Jump to content

Rafael Moreu

From Wikipedia, the free encyclopedia

This is an old revision of this page, as edited by 2605:e000:1201:85b5:5d04:c9f1:f5a7:21d3 (talk) at 05:15, 29 July 2020 (Career: Fixed typo). The present address (URL) is a permanent link to this revision, which may differ significantly from the current revision.

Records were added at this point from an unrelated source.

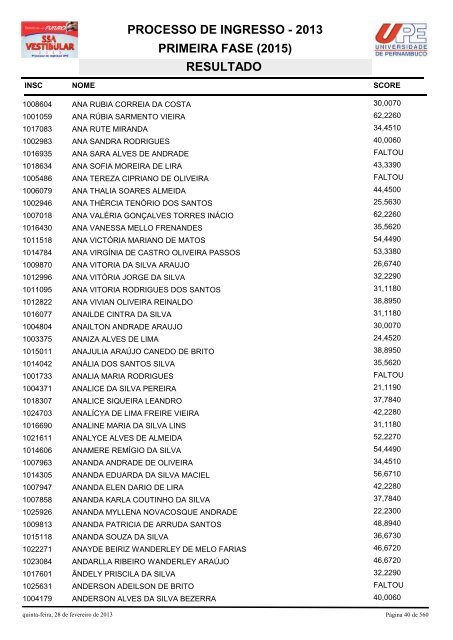 RESULTADO PROCESSO DE INGRESSO - 2013 PRIMEIRA FASE (2015)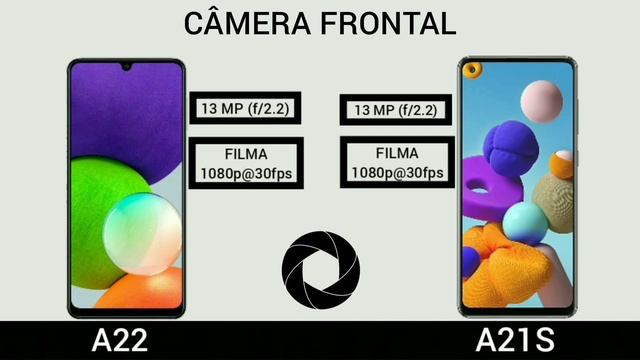 Samsung Galaxy A22 VS Samsung Galaxy A21s | Comparativo смотреть онлайн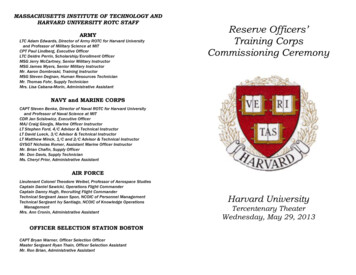 MASSACHUSETTS INSTITUTE OF TECHNOLOGY AND Reserve Officers'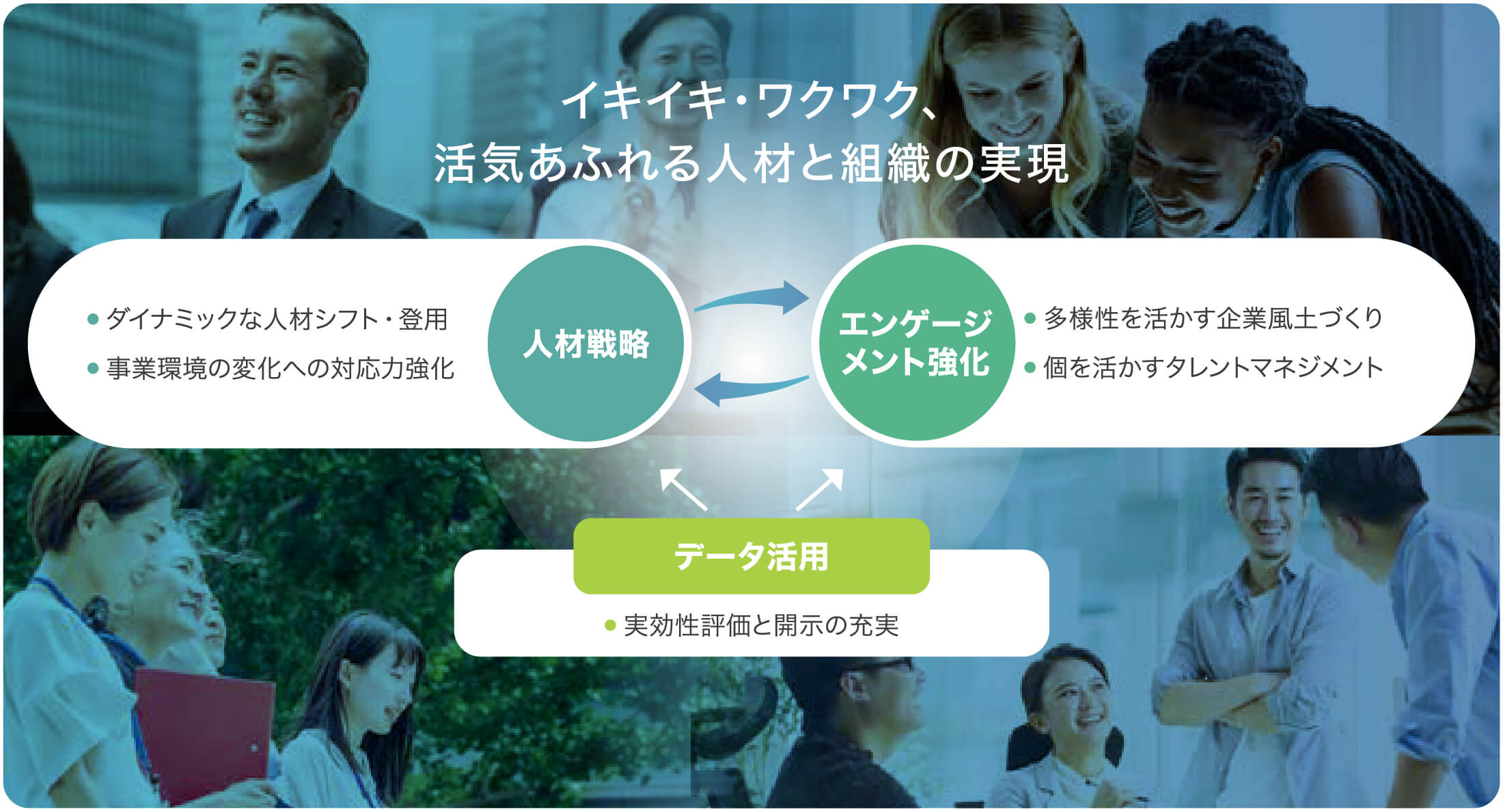 イキイキ・ワクワク、活気あふれる人材と組織の実現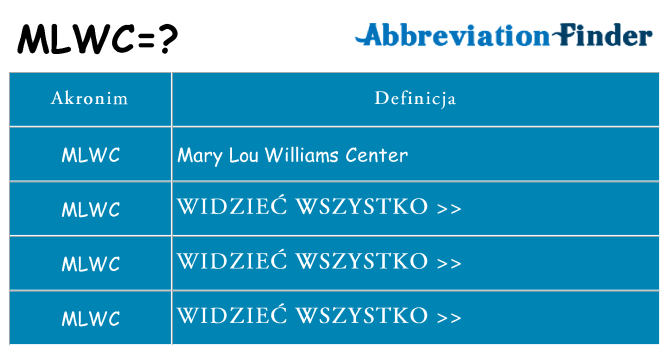 Co mlwc oznaczać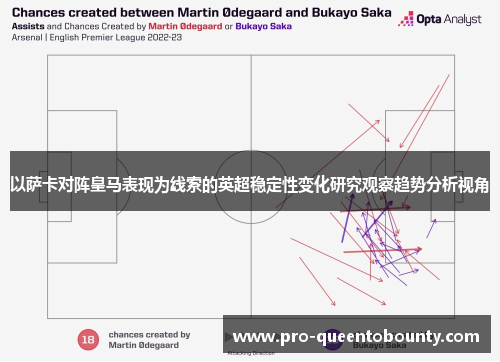以萨卡对阵皇马表现为线索的英超稳定性变化研究观察趋势分析视角 以萨卡对阵皇马表现为线索的英超稳定性变化研究观察趋势分析视角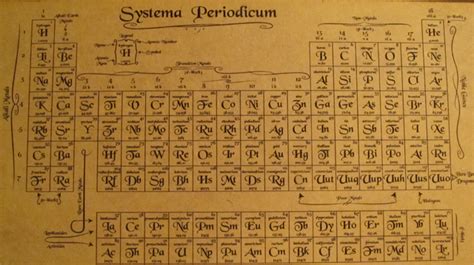 The Constant Periodic Table Milwaukee Makerspace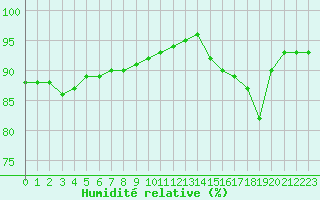 Courbe de l'humidit relative pour Pointe de Chassiron (17)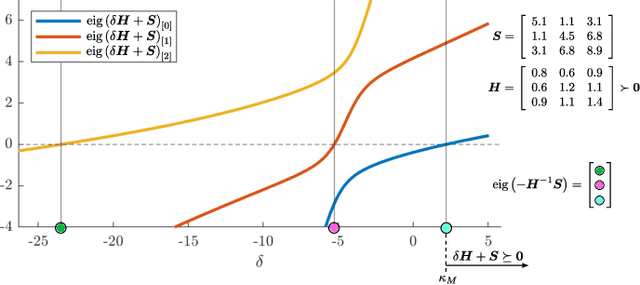 Figure 4 for RAYEN: Imposition of Hard Convex Constraints on Neural Networks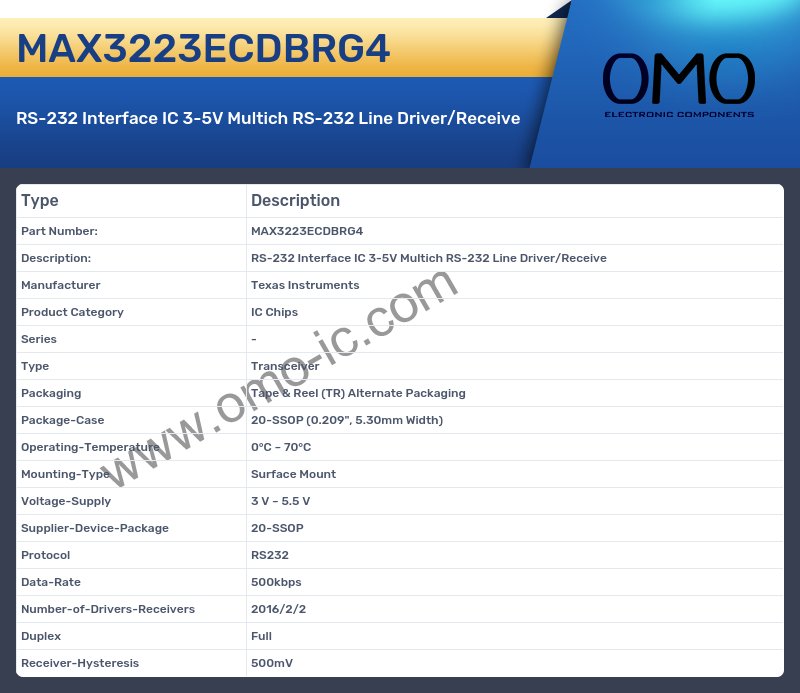 MAX3223ECDBRG4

Rafael Moreu is an American screenwriter, best known for his work in horror and thrillers.

Career

Moreu wrote the movies Hackers (1995) and The Rage: Carrie 2 (1999).[1][2] For Hackers, he saw the film as more than just about computer hacking but something much larger: "In fact, to call hackers a counterculture makes it sound like they're a transitory thing; I think they're the next step in human evolution."[3] He had been interested in hacking since the early 1980s. After the crackdown in the United States during 1989 and 1990, he decided to write a script about the subculture. For research, Moreu went to a meeting organized by the New York-based hacker magazine 2600: The Hacker Quarterly. There, he met Phiber Optik, a.k.a. Mark Abene, a 22-year-old hacker who spent most of 1994 in prison on hacking charges.[3] Moreu also hung out with other young hackers being harassed by the government and began to figure out how it would translate into a film. He remembered, "One guy was talking about how he'd done some really interesting stuff with a laptop and payphones and that cracked it for me, because it made it cinematic".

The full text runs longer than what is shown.